▶ _TASK BRIEF_: A faithful copy of all the data is the goal; omit the pictures.

*** DATASET CONTENT ***

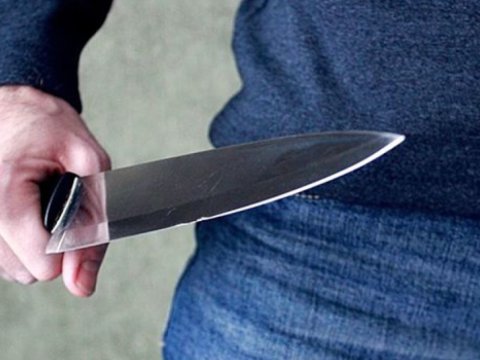 Bakıda dava - Ata və oğlu bıçaqlandı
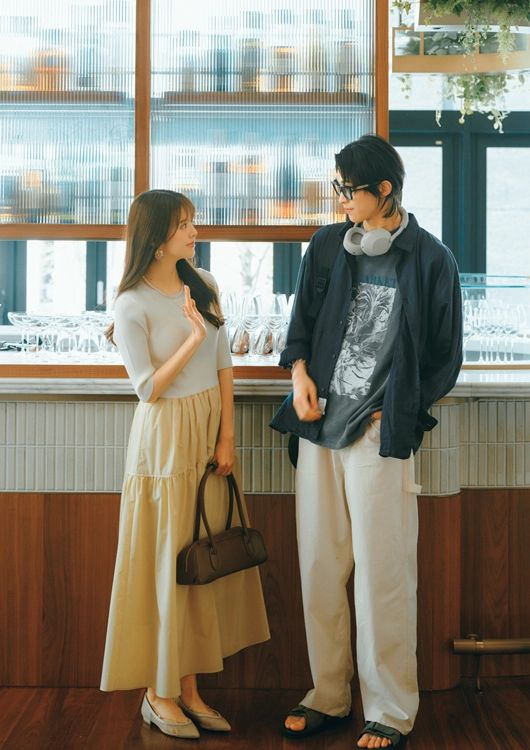 清潔感カラーで全方位モテな通勤ワンピコーデ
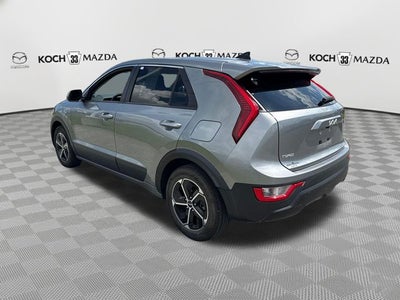 2023 Kia Niro LX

*** End of DATASET CONTENT ***

▶ _TASK OUTPUT_:
 Bakıda dava - Ata və oğlu bıçaqlandı
 清潔感カラーで全方位モテな通勤ワンピコーデ
 2023 Kia Niro LX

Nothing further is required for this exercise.